Posted: June 06, 1988

Anthony Milano died a horrible, painful death simply because he was a homosexual who had the misfortune of walking into a Bucks County bar one night last December and meeting two drunken men who hated gays.

"The sheer brutality of Milano's death is instructive of just how much they hated gays," Bucks County District Attorney Alan Rubenstein said of Richard Laird and Frank Chester, who two weeks ago were convicted of first- degree murder and sentenced to death.

Rubenstein said Milano's throat was cut so many times and so deeply that it was beyond counting. "This was a homicide that shocked the community, for its depravity, its coldness and the hatred," he said.

The attitudes and behavior of homophobes - people who hate gay men and lesbian women - forms the subtext of a detailed survey issued today by the Philadelphia Lesbian and Gay Task Force.

The survey of gay and lesbian people in Philadelphia and 28 other counties in Pennsylvania catalogs a level of violence and discrimination that soars above the experience of heterosexual Pennsylvanians, according to Task Force co-chair Larry Gross.

Gay men in Philadelphia experienced criminal violence at rates 12 times higher and lesbian women nine times higher than the comparable national

average, the report says.

It also states that about 62 percent of the Philadelphia men surveyed have been threatened, 41 percent have had objects thrown at them, 43 percent have been chased and 24 percent have been beaten. In all, 73 percent of the men and 42 percent of the women have experienced criminal violence in one form or another.

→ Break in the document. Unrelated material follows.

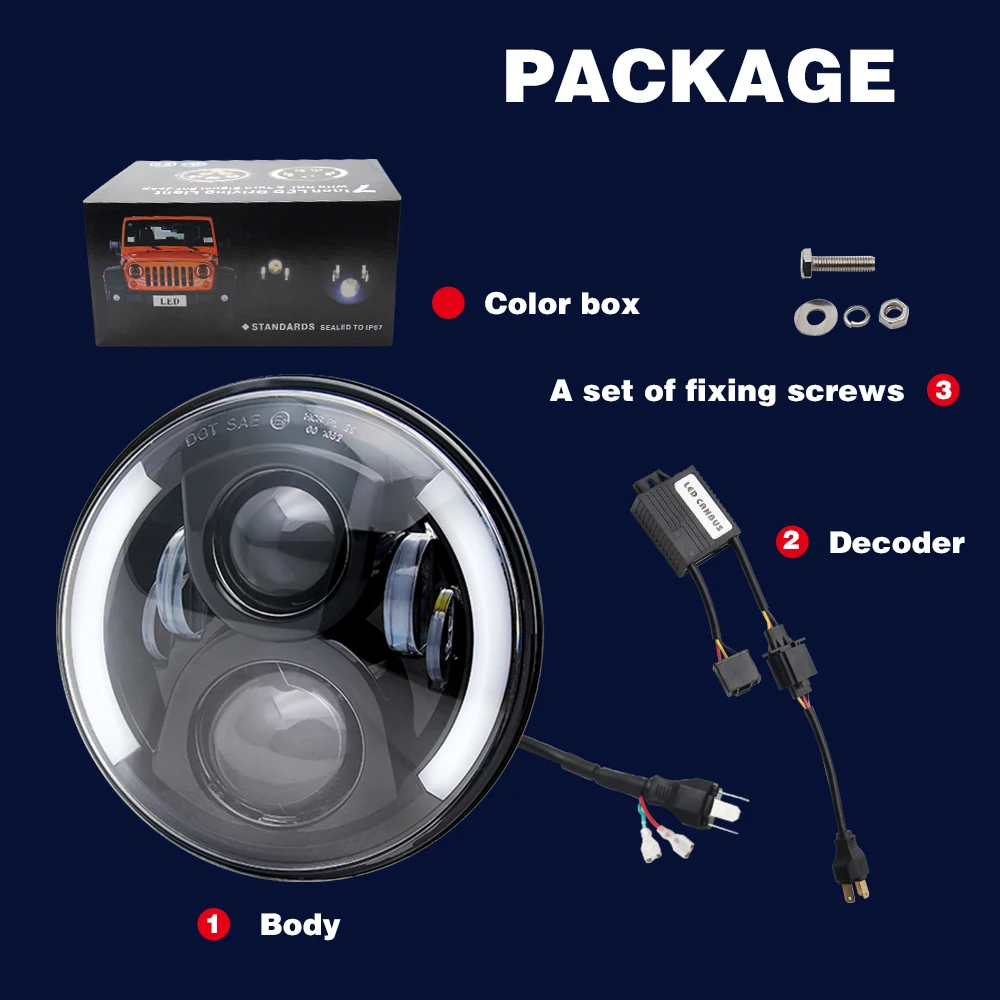 DOT E9 Auto Lighting System Angel Eye Amber 7 inch Round H4 H13 Adaptor Motorcycle JK JL TJ Led Headlight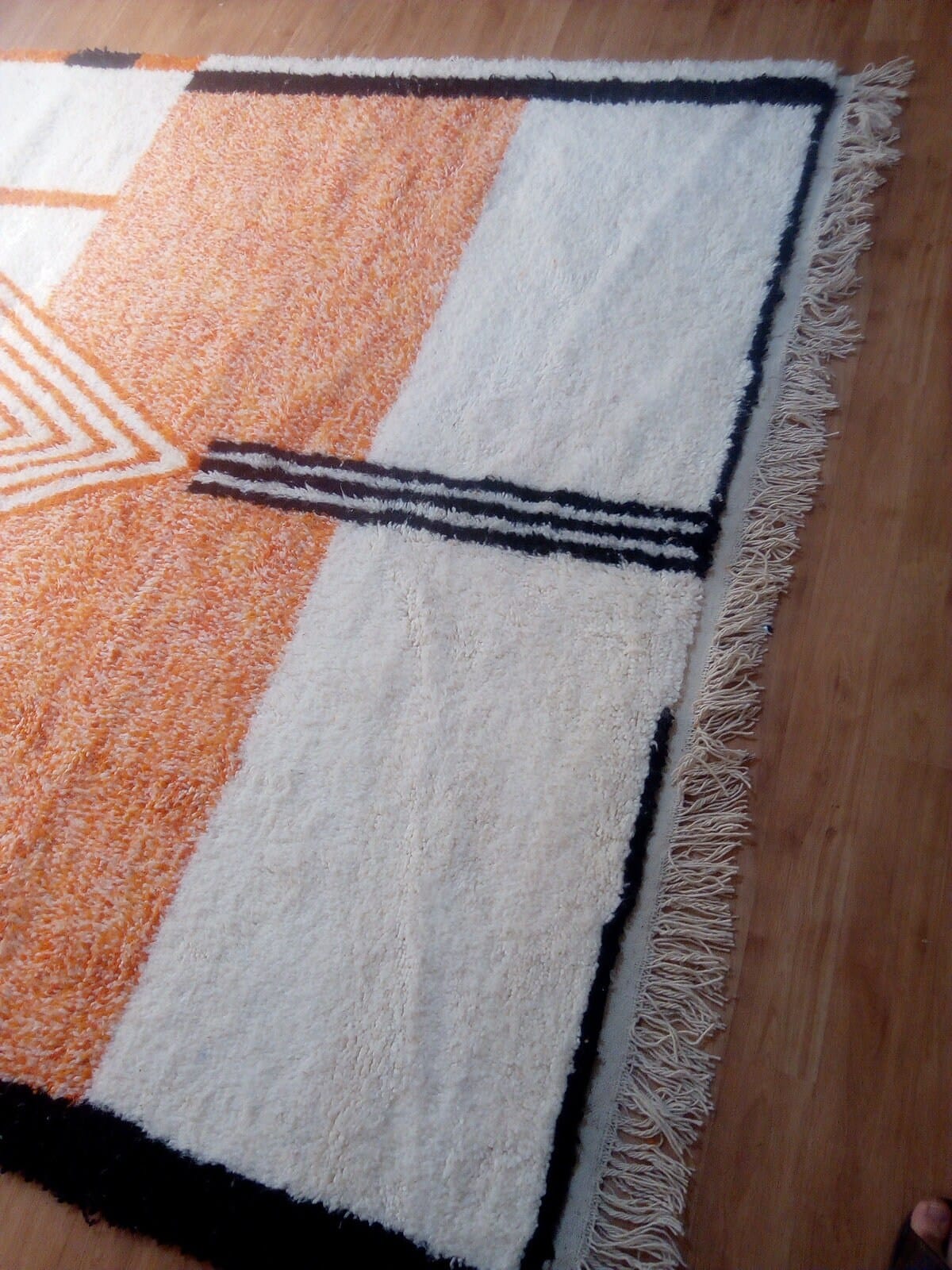 Handcrafted Moroccan Berber Rug, Beni Ourain Style Wool Rug, Azilal Design in Vibrant Orange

Those statistics are based on 721 responses to 3,300 questionnaires distributed in Philadelphia and nearby counties between June 1987 and January 1988. More than 500 of the responses were from Philadelphians.

"These people," Gross said today, "were attacked merely because they are known to be, or considered to be, gay." He added that the survey group was not random but had a disproportionate number of highly educated persons - "people who should have been more protected, not more vulnerable," according to Gross.

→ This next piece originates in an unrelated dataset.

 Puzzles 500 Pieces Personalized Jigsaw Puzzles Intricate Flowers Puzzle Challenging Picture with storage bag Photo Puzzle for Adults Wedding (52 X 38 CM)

The report suggests that an AIDS "hysteria" might help explain an apparent sharp increase in the anti-gay violence since a 1984 study. Gross noted, however, that the previous study was smaller in size and may not have tapped the depth of the problem.

To address the job and housing discrimination and violence, the task force is calling for civil rights protections through changes in state and federal laws; for example, making "sexual orientation" a protected category in the way that race and religion are included in bias crime laws.

"Most lesbian and gay Pennsylvanians have no civil rights protections, and in the few cities where there are local protections, they are largely ineffective," the report notes.

But the big job will be changing attitudes, and that can be done only by changing the institutions that form attitudes - like public schools, Gross said.

"If Connie Clayton just went into the boys' rooms and read the graffiti on the walls, she'd see the depth of the problem," he said.

The task force said police also need more sensitivity training: 26 percent of the men and 15 percent of the women in the survey said they were harassed or experienced violence at the hands of police.